The Austrian government is leading the way with the “Austrian Pledge”, adopted at the Vienna Conference on the Humanitarian Impact of Nuclear Weapons in December 2014. This commits signatories to work to “stigmatise, prohibit and eliminate nuclear weapons in light of their unacceptable humanitarian consequences and associated risks”.
Britain will attend a conference on the NPT in May with almost nothing to say for itself. Since the conference will take place alongside the general election, the delegation will have no official position.
This is not likely to win any favours among those nations already disgruntled that the British government is, so far, not engaging on disarmament.
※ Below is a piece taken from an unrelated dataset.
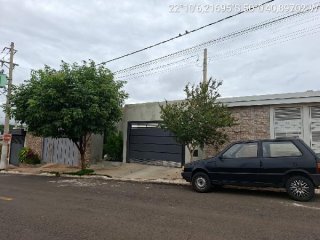 Imagem do imóvel CA43389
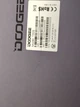 Планшет 11" Full HD DOOGEE T30S 6/256Gb 4G 2-SIM 8 ядер Android 14 8580 mAh Блакитний Б/В - зображення 9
So could the Marshall Islands’ case provide a chance for the international community and British civil society to push for the non-renewal of Trident?
Much hinges on what government is elected in May. The Tories are unwavering in their support for a like-for-like replacement of Trident, which would cost £100 billion over the next 30 years. Labour is hesitant about saying anything different publicly.
The Liberal Democrats favour taking “a step down the nuclear ladder” and scrapping the current policy of continuous at-sea deterrence. The Greens, pro-independence Welsh party Plaid Cymru and the Scottish National Party are agreed on unconditional opposition to nuclear weapons in any form.
Anything other than a Tory government would leave open the possibility of pursuing a different policy on nuclear weapons, with Labour certainly having to negotiate Trident policy if it requires the support of the SNP to form a government.
With the international community already putting the spotlight on the nuclear states, a major international court case in which the British government stands trial in The Hague would provide a chance for campaigners to push the government towards a new position.
Public opinion will play a significant role in determining which way the cards fall. Five million have signed a petition in support of the Marshall Islands’ case. A British poll last year showed that 51% were against renewing Trident like-for-like and 26% were undecided.
Small in number though the Marshallese may be, they may prove to be not too small or insignificant to help bring about an important shift towards a nuclear-free world.